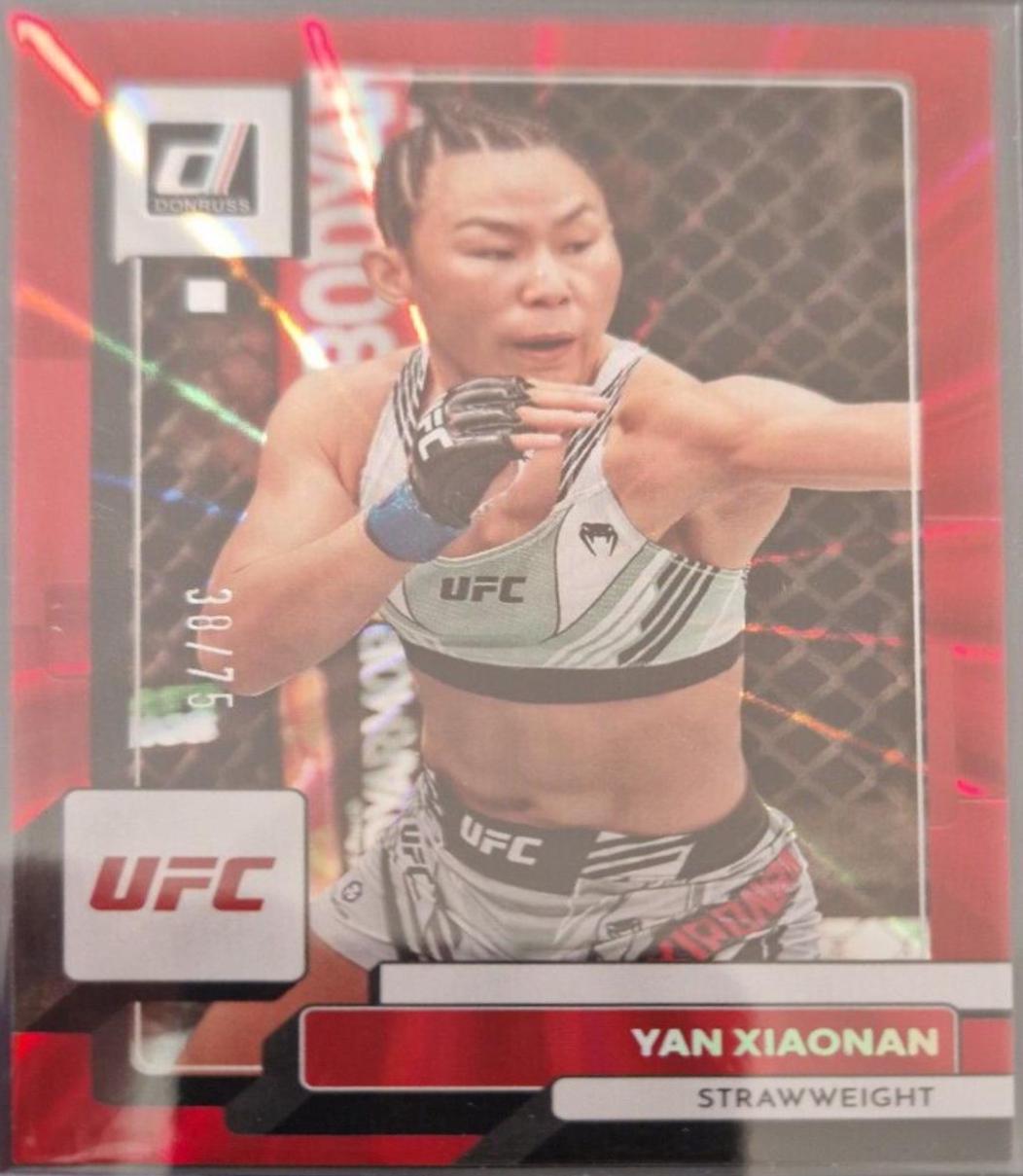 Yan Xiaonan 2023 Panini Donruss UFC Base #121 Red Laser
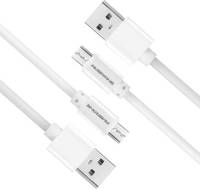 Loot - Ambrane ACM-1 1 m Micro USB Cable  (Compatible with Android Devices, White, Pack of: 2)
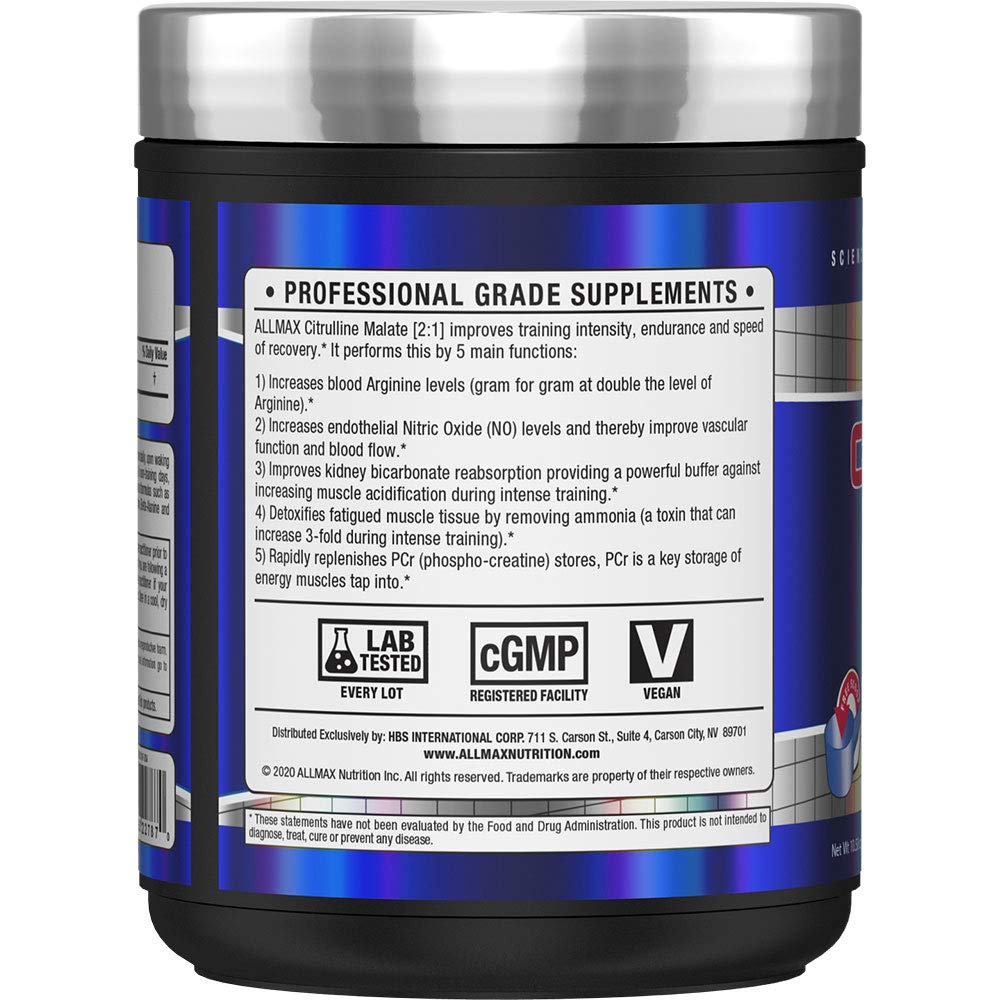 ALLMAX Essentials CITRULLINE MALATE 2:1 - 300 g Powder - Improves Endurance ALLMAX NutritionBuy Supplements Australia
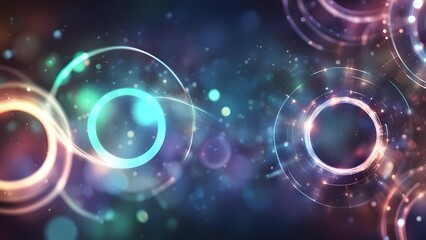 A colorful background with a lot of circles and dots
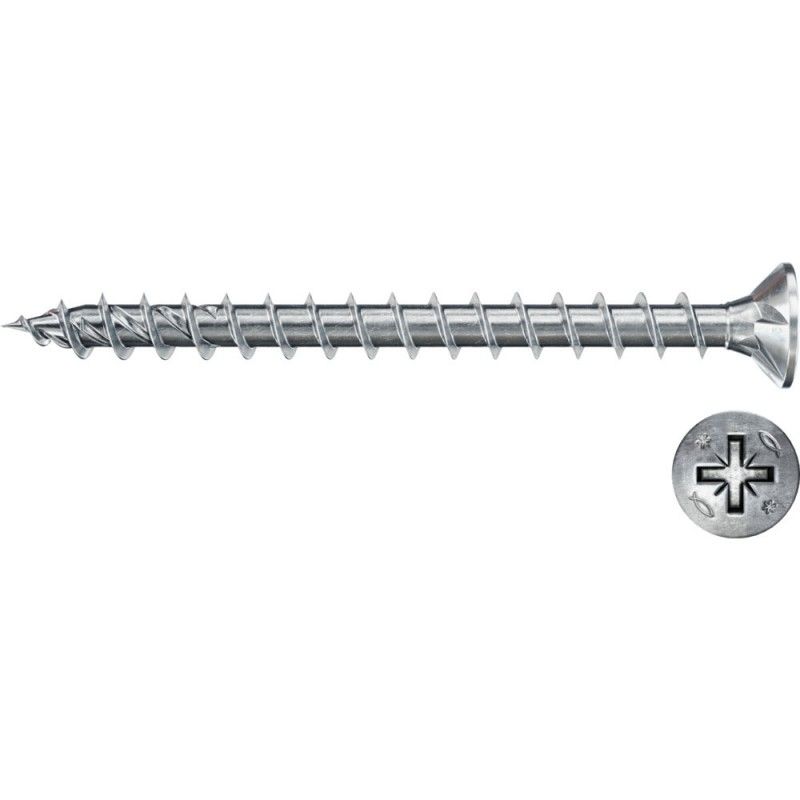 Puuruuvi Fischer Power-Fast II FPF II CZP; PZ3; 6,0x120; 100 kpl.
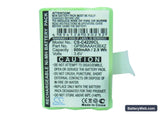 Clarity Professional C4220 Replacement Battery, 3.6V, 800mAh, Ni-MH 5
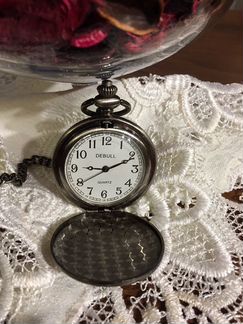 Часы карманные, оригинал debull quartz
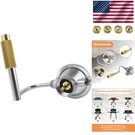 Certified Coleman Grill Propane Adapter - Superior Brass & Stainless Steel. Fixed Price $31.99.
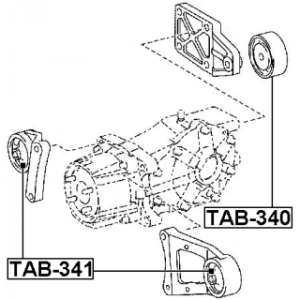 Mounting Differential - FEBEST TAB340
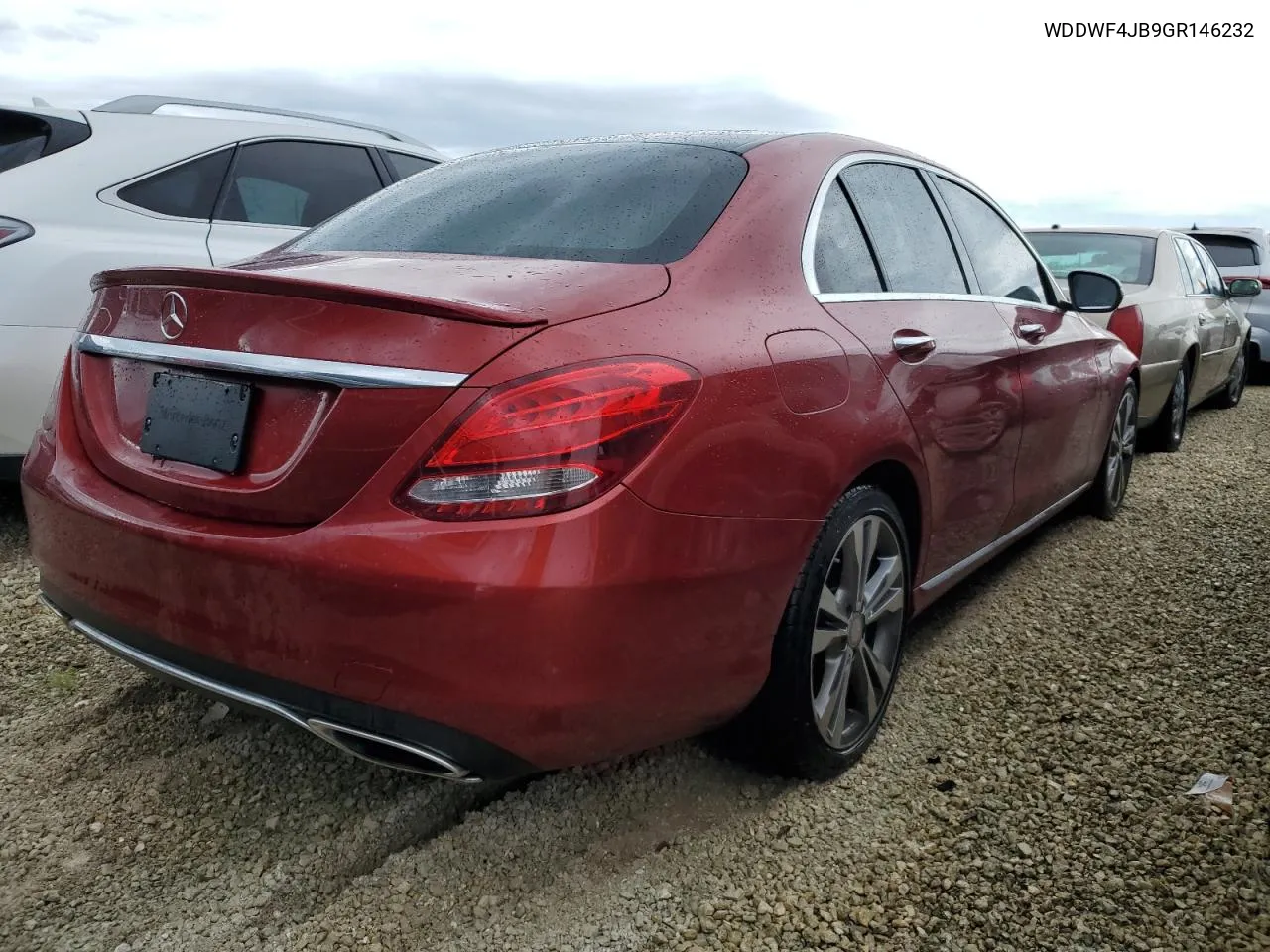 2016 Mercedes-Benz C 300 VIN: WDDWF4JB9GR146232 Lot: 74378354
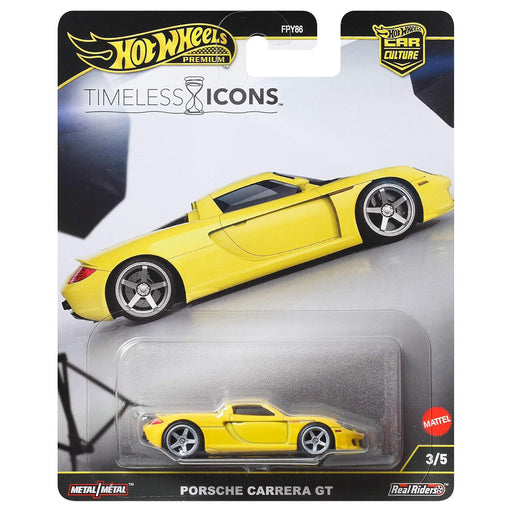 Hot Wheels Car Culture Timeless Icons Porsche Carrera GT Car 3/5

> [About this exercise]: Return the complete material above exactly, with no picture.

> [Task answer]:
 Yan Xiaonan 2023 Panini Donruss UFC Base #121 Red Laser
 Loot - Ambrane ACM-1 1 m Micro USB Cable  (Compatible with Android Devices, White, Pack of: 2)
 ALLMAX Essentials CITRULLINE MALATE 2:1 - 300 g Powder - Improves Endurance ALLMAX NutritionBuy Supplements Australia
 A colorful background with a lot of circles and dots
 Puuruuvi Fischer Power-Fast II FPF II CZP; PZ3; 6,0x120; 100 kpl.
 Clarity Professional C4220 Replacement Battery, 3.6V, 800mAh, Ni-MH 5
 Часы карманные, оригинал debull quartz
 Certified Coleman Grill Propane Adapter - Superior Brass & Stainless Steel. Fixed Price $31.99.
 Mounting Differential - FEBEST TAB340
 2016 Mercedes-Benz C 300 VIN: WDDWF4JB9GR146232 Lot: 74378354
 Hot Wheels Car Culture Timeless Icons Porsche Carrera GT Car 3/5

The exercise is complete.